Quando invece la stessa spesa si sposta sui grandi marketplace online internazionali, circa 70 euro escono dal territorio. Meno acquisti nella rete fisica significano quindi una quota maggiore di consumi che non alimenta più l’economia locale. A subire la maggior perdita di ricchezza è il Centro, dove la quota di consumi uscita dal circuito dell’economia locale tra il 2019 e il 2025 è stimata in oltre 5,3 miliardi di euro. Seguono il Sud, con circa 4 miliardi, il Nord-Ovest con quasi 3,2 miliardi, il Nord-Est con circa 2,6 miliardi e le Isole con oltre 1,6 miliardi. A livello regionale è invece il Lazio a registrare l’impatto maggiore, con circa 3,2 miliardi di spesa delle famiglie non più trattenuta dal circuito economico locale. Seguono la Lombardia, con oltre 1,7 miliardi, e la Campania, con circa 1,6 miliardi. Superano il miliardo anche il Veneto, con circa 1,2 miliardi, la Toscana, anch’essa intorno a 1,2 miliardi, e la Sicilia, con poco più di 1 miliardo di euro. In Piemonte l’impatto sfiora invece il miliardo.

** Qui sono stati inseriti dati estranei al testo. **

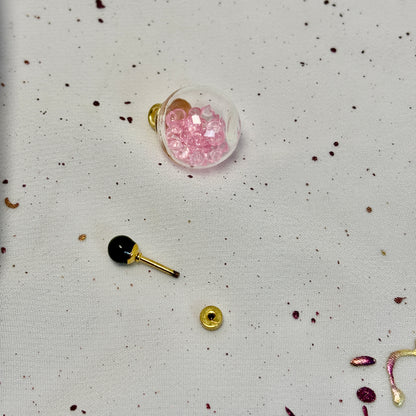 Mini Aros Acero Quirúrgico Dorado Perla Negra 5MM - Tope Tornillo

I 16,7 miliardi totali di spesa dirottata rappresentano però soltanto la componente economicamente quantificabile della desertificazione. Restano fuori dal conto la minore disponibilità di beni e servizi e gli effetti su presidio urbano, sicurezza, coesione sociale e qualità della vita: elementi difficili da tradurre in euro, ma fondamentali per le comunità. Secondo Confesercenti il commercio di prossimità agisce come una vera e propria infrastruttura territoriale. Attorno a ogni attività si muovono occupazione diffusa, redditi, immobili attivi, servizi professionali, manutenzioni, tributi locali e una rete di beni e servizi accessibili, cui si aggiungono presidio degli spazi urbani, sicurezza e coesione sociale. La progressiva riduzione delle attività commerciali fisiche, insieme al cambiamento delle abitudini di acquisto, modifica profondamente questo equilibrio. L’e-commerce – osserva Confesercenti – rappresenta un’opportunità, soprattutto quando si integra con la rete dei negozi e consente anche alle piccole imprese di raggiungere nuovi mercati. Diverso è l’effetto quando gli acquisti si spostano sulle grandi piattaforme marketplace internazionali, perché una quota significativa del valore della vendita si allontana dalla residenza dell’acquirente.